Cependant, quelques caractéristiques de ce mouvement le distinguent du précédant. Tout d'abord, sa centralisation dès le début du mouvement : en effet, le Pacte d'Unité Intersyndicale (PUI) a coordonné dès le début les actions des travailleurs ainsi que les négociations avec les employeurs. Contradictoirement, lors de cette grève, la radicalisation de la base échappa parfois au contrôle des syndicalistes. Ainsi, une des raisons de la panique provoquée par le mouvement chez les employeurs et au sein du gouvernement, fut les actes violents que certains groupes de travailleurs livrèrent contre les installations de certaines entreprises.

De plus, les soutiens politiques à la grève furent plus explicites : le maire de la ville de São Paulo et le gouverneur de l'État offrirent un soutien politique et financier au mouvement et le vice-gouverneur de l'Etat alla jusqu'à participer aux piquets de grève. D'après Leite (1986), un des éléments qui rendit la position des travailleurs plus confortable fut le fait que pratiquement toutes les forces politiques voulurent paraître soutenir le mouvement, afin de ne pas se mettre à dos les électeurs ouvriers à la vieille d'une période électorale.

Ces deux mouvements marquent le début d'une nouvelle étape pour le syndicalisme brésilien ; étape marquée par une présence de plus en plus importante des syndicats dans la vie publique – comme le démontre l'augmentation du nombre de grèves dans le pays à partir de 1958 – et par le rapprochement des syndicalistes avec les groupes politiques jouissant, tant soit peu, du pouvoir d'influencer les décisions gouvernementales.

Nombre de grèves au Brésil (1958-1963)
ANNÉE São Paulo Rio de Janeiro Autres États Grèves Nationales Total Brésil
1958 14 03 12 02 31
1959 24 15 31 03 73
1960 24 08 38 03 73
1961 44 11 58 02 115
1962 26 09 108 05 148
1963 24 34 111 03 172
Source : Rodrigues : 1986 : 542.

Dans le tableau ci-dessus nous observons non seulement une augmentation du nombre de grèves à travers le pays, mais aussi un processus de diffusion des grèves au-delà des États de Rio de Janeiro et São Paulo, les deux grands centres industriels de l'époque. Ainsi, si en 1958 plus de 50 % des grèves furent réalisées dans ces deux Etats, en 1963 ils n'ont totalisé que 34 % des grèves.
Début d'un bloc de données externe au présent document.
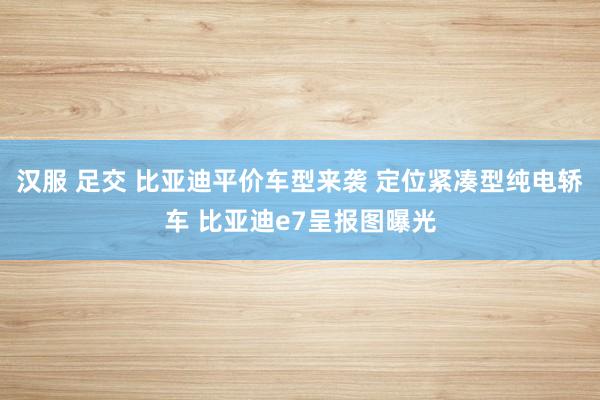 汉服 足交 比亚迪平价车型来袭 定位紧凑型纯电轿车 比亚迪e7呈报图曝光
Cela est particulièrement vrai pour la période allant de 1961 à 1963, justement la période où, avec la montée au pouvoir de João Goulart 133 , le gouvernement en vient à soutenir plus explicitement, à l'échelle nationale, les actions des leaders syndicaux. Ce qui se faisait surtout par le biais du Ministère du Travail, lequel monnayait un soutien des syndicats au gouvernement contre l'adoption de lois favorables aux travailleurs et aux leaders syndicaux.

Ainsi, la plupart des grèves et mobilisations ouvrières lancées par les syndicats à cette période seront caractérisées, non seulement par des revendications relevant des conditions de salaires, des conditions de travail ou d'autres thèmes du quotidien des travailleurs, mais aussi par une connotation politique indiscutable. C'était des grèves pour exiger l'adoption de certaines politiques (de protection du travail, de réforme agraire, de nationalisation des entreprises étrangères, etc.) tout autant que pour revendiquer des augmentations salariales.
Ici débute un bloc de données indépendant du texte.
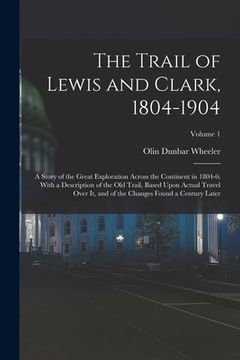 portada The Trail of Lewis and Clark, 1804-1904: A Story of the Great Exploration Across the Continent in 1804-6; With a Description of the Old Trail, Based U (in English)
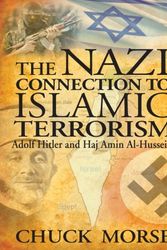 Cover Art for 9781935071037, The Nazi Connection to Islamic Terrorism by Chuck Morse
Ce fut le cas de la grève touchant les fonctionnaires en novembre 1960, lorsque les fonctionnaires civils entrent en grève pour demander l'égalisation de leurs salaires avec ceux perçus par les Militaires. Ce fut aussi le cas des grèves générales d'août 1961 (pour s'opposer au veto mis par les Militaires à l'intronisation de Goulart à la Présidence de la République, après la démission de Jânio Quadros), de juillet 1962 (pour demander la nomination d'un gouvernement nationaliste), et de septembre 1962 (pour que le Congrès approuve la réalisation d'un Référendum, où les Brésiliens devaient choisir leur système de gouvernement). De même, ce fut le cas de la grève générale de l'industrie de l'Etat de São Paulo en octobre 1963, quand plus de 700.000 travailleurs entrent en grève pour obtenir de meilleurs salaires et pour l'adoption de réformes de base dans la société brésilienne.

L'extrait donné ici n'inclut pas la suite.